When constitutional error calls into question the objectivity of those charged with bringing a defendant to judgment, a reviewing court can neither indulge a presumption of regularity nor evaluate the resulting harm. Accordingly, when the trial judge is discovered to have had some basis for rendering a biased judgment, his actual motivations are hidden from review, and we must presume that the process was impaired. Similarly, when a petite jury has been selected upon improper criteria or has been exposed to prejudicial publicity, we have required reversal of the conviction because the effect of the violation cannot be ascertained. Like these fundamental flaws, which never have been thought harmless, discrimination in the grand jury undermines the structural integrity of the criminal tribunal itself, and is not amenable to harmless-error review.

Marshall then went on to say:

The opinion of the Court in Mitchell ably presented other justifications, based on the necessity for vindicating Fourteenth Amendment rights, supporting a policy of automatic reversal in cases of grand jury discrimination...The six years since Mitchell have given us no reason to doubt the continuing truth of that observation.

===Concurrence===
Justice O'Connor concurred in the judgment. O'Connor stated:

I share the view expressed by Justice Powell in Rose: a petitioner who has been afforded by the state courts a full and fair opportunity to litigate the claim that blacks were discriminatorily excluded from the grand jury which issued the indictment should be foreclosed from relitigating that claim on federal habeas. The incremental value that continued challenges may have in rooting out and deterring such discrimination is outweighed by the unique considerations that apply when the habeas writ is invoked. The history and purposes of the writ, as well as weighty finality interests and considerations of federalism, counsel against permitting a petitioner to renew on habeas a challenge which does not undermine the justness of his trial, conviction, or incarceration.

=== Dissent===
Justice Powell, joined by Chief Justice Burger and Justice Rehnquist, dissented, arguing that "the Court misapplies stare decisis because it relies only on decisions concerning grand jury discrimination. There is other precedent, including important cases of more recent vintage than those cited by the Court, that should control this case. Those cases hold, or clearly imply, that a conviction should not be reversed for constitutional error where the error did not affect the outcome of the prosecution".

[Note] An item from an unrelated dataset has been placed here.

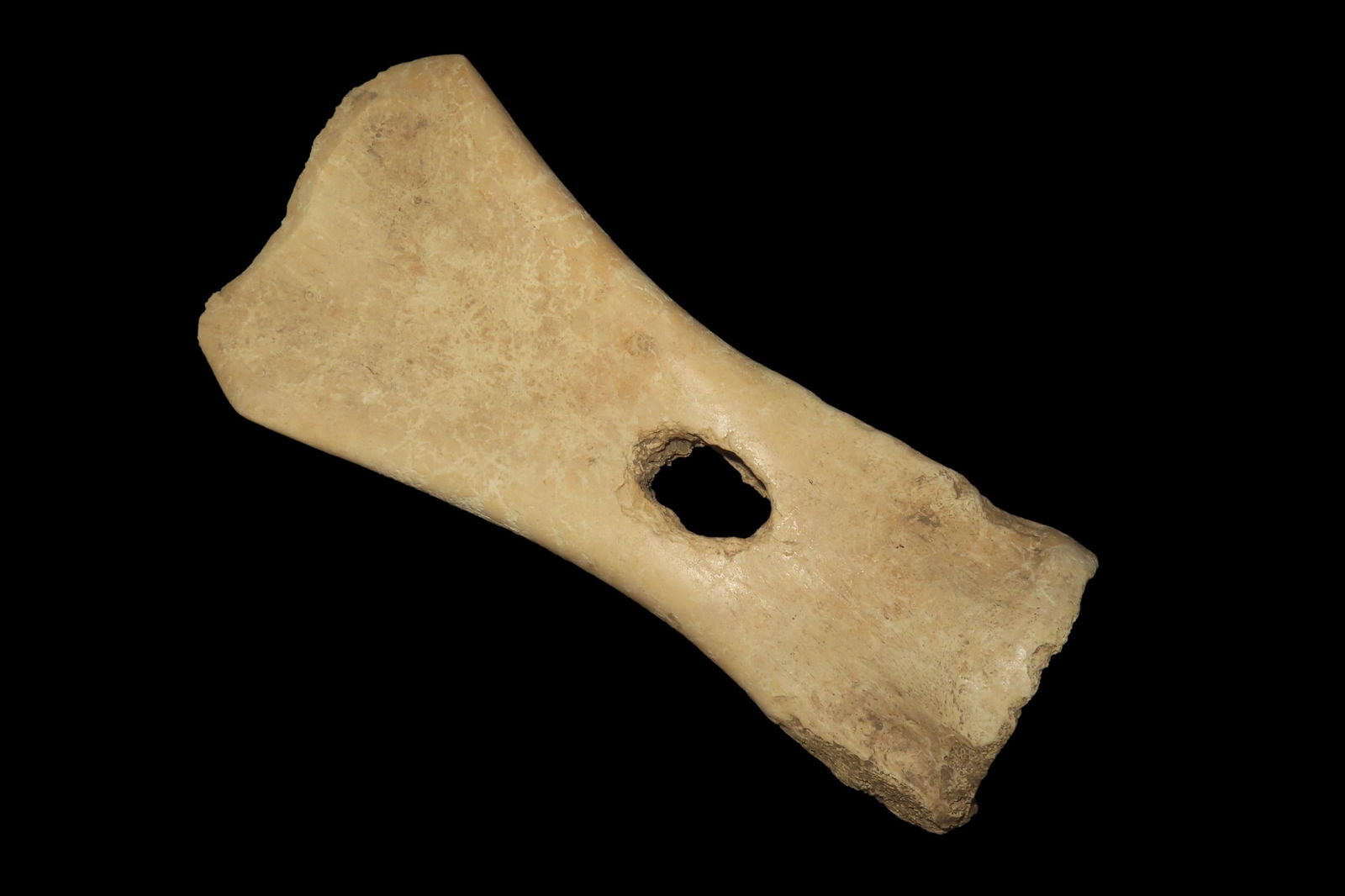 8' Buffalo Bone Hoe, North Dakota (1 of 7)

Powell continues his dissent by mentioning that since Chapman v. California, "the Court has consistently made clear that it is the duty of a reviewing court to consider the trial record as a whole and to ignore errors that are harmless, including most constitutional violations." After citing cases where the Supreme Court applied harmless-error analysis or an analogous prejudice requirement on this basis, Powell stated:

Grand jury discrimination is a serious violation of our constitutional order, but so also are the deprivations of rights guaranteed by the Fourth, Fifth, Sixth, and Fourteenth Amendments to which we have applied harmless-error analysis or an analogous prejudice requirement. Moreover, grand jury discrimination occurs prior to trial, while the asserted constitutional violations in most of the above-cited cases occurred during trial. The Court does not adequately explain why grand jury discrimination affects the "integrity of the judicial process" to a greater extent than the deprivation of equally vital constitutional rights, nor why it is exempt from a prejudice requirement while other constitutional errors are not.

Finally, Powell believes that the Appellate Court's decision, overturning Hillery's conviction should be reversed because the "respondent's grand jury discrimination claim casts no doubt on the adequacy of the procedures used to convict him or on the sufficiency of the evidence of his guilt".